In Hoffenheim sagen sie über ihren potenten Chef, er sei immer authentisch, manchmal vielleicht ein wenig zu impulsiv. Also schrieb Dietmar Hopp einen impulsiven Brief an die Deutsche Fußball- Liga und forderte diese auf, „die Diskriminierung, wie sie Herr Heidel betreibt, mit der gleichen Konsequenz zu verfolgen“ wie rassistische Tendenzen. Denn „diese infame Diffamierung unseres Clubs, die wohl bewusst den Hass auf Hoffenheim schüren soll, ist auch geeignet, Gewalt gegen uns auszulösen“. Als am vergangenen Freitag Kaiserslauterer Fans in Hoffenheim randalierten und Hopp indirekt die Kritik aus Mainz dafür verantwortlich machte, da hatte der deutsche Fußball mal wieder einen kleinen Skandal.
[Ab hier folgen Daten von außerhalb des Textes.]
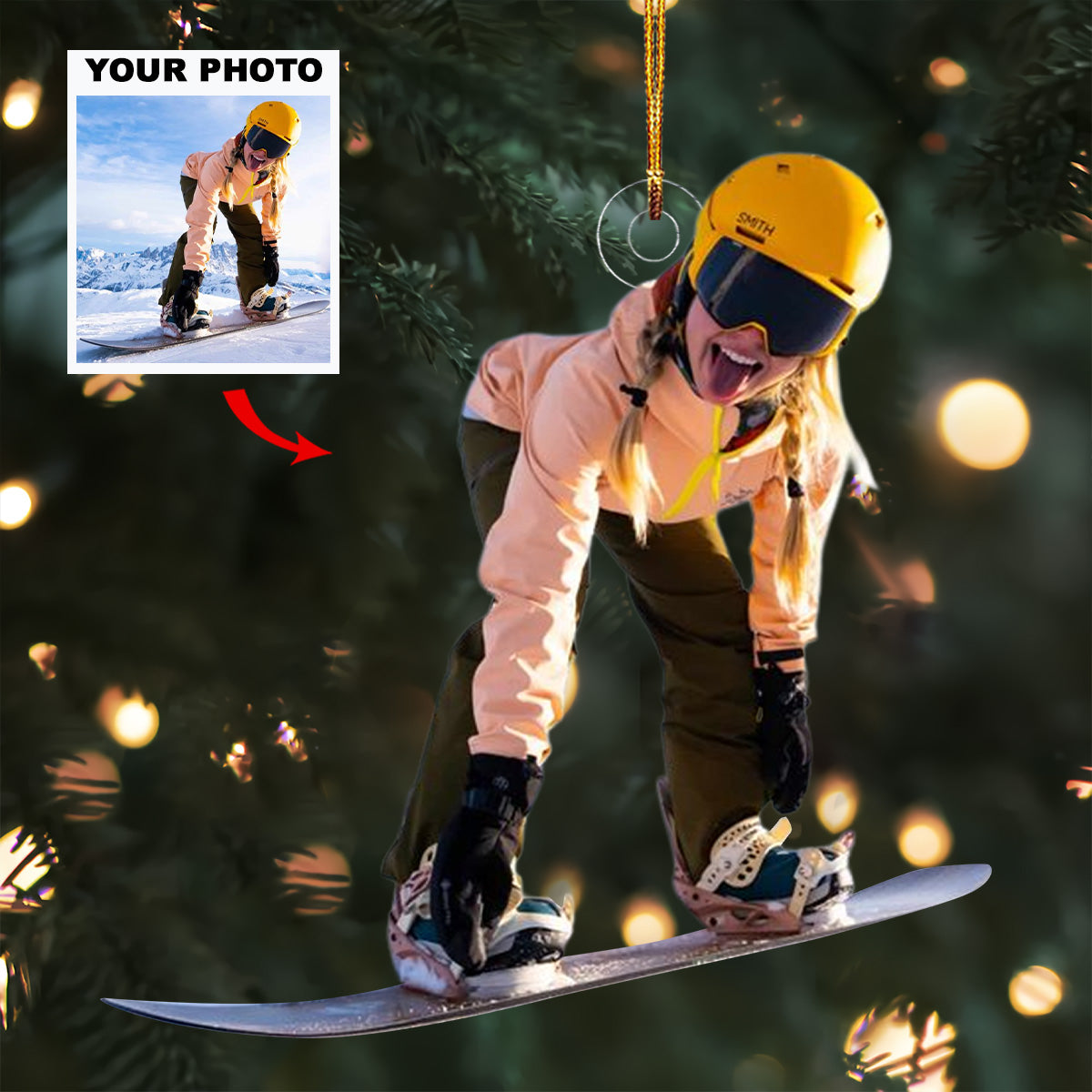 Ski Lodge Joy Personalized Mica Ornament Gift For Skiing Lovers Family Members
Obwohl sich die Herren inzwischen ausgesprochen haben, mochte Dietmar Hopp die Reise nach Aachen nicht antreten. Dem Tagesspiegel teilte er per E-Mail mit: „Ich muss zugeben, dass ich überrascht bin über das Ausmaß von Hass, dessen Ursprung wohl im Neid zu suchen ist.“ Neid auf das viele Geld. Acht Millionen Euro hat Hoffenheim für den 20-jährigen Brasilianer Carlos Eduardo bezahlt, sechs Millionen für den Nigerianer Obasi Edu (21), vier Millionen für den Senegalesen Demba Ba (22). Allein für diese drei Transfers gab Hoffenheim mehr aus als alle 17 anderen Zweitligisten für ihre Neuverpflichtungen zusammen. Und weil das alles binnen weniger Tagen geschah und der Aufsteiger gerade auf einem Abstiegsplatz stand, schrieben die Zeitungen von Kaufrausch und dass Hoffenheim sich verabschiedet habe von seinem ursprünglichen Ausbildungsprojekt. „Scheiß Millionäre!“, brüllen die Aachener Fans, und: „Ihr macht unseren Sport kaputt!“

Jan Schindelmeiser erträgt die Schmährufe mit Gleichmut, „da hören wir gar nicht mehr hin“, sagt der Hoffenheimer Manager. „Wissen Sie, wenn wir wirklich mit Gewalt in die Bundesliga wollten, hätten wir keine Zwanzigjährigen verpflichtet, sondern erfahrene Spieler. Und glauben Sie wirklich, das war eine Panik-Aktion? Wer sich nur ein bisschen im Fußball auskennt weiß, dass so etwas nie funktionieren kann.“ An Carlos Eduardo etwa sei Hoffenheim seit Februar dran gewesen. „Hätten wir ihn im Sommer gekauft, wäre er viel teurer gewesen.“

Mancher Bundesligaklub hätte den Brasilianer gern geholt, aber über die Konkurrenz mag Schindelmeiser sich nicht äußern, „das wäre schlechter Stil“. Er ärgert sich nur, „wenn falsche Dinge über uns verbreitet werden“. Der Nachwuchskoordinator des VB Stuttgart etwa habe gesagt, Hoffenheim würde schon junge Spieler mit Geld zuschütten. „Das müssen die natürlich sagen, wenn ihnen ein Verein wie Hoffenheim vielversprechende Talente wegschnappt“, sagt Schindelmeiser und dass er gern bereit sei, mal die Angebote vorzulegen, die Klubs wie Stuttgart machen. Er habe sich von den Eltern mancher Spieler die Vertragsentwürfe zeigen lassen, „auch aus Stuttgart, die bieten doppelt so viel wie wir“.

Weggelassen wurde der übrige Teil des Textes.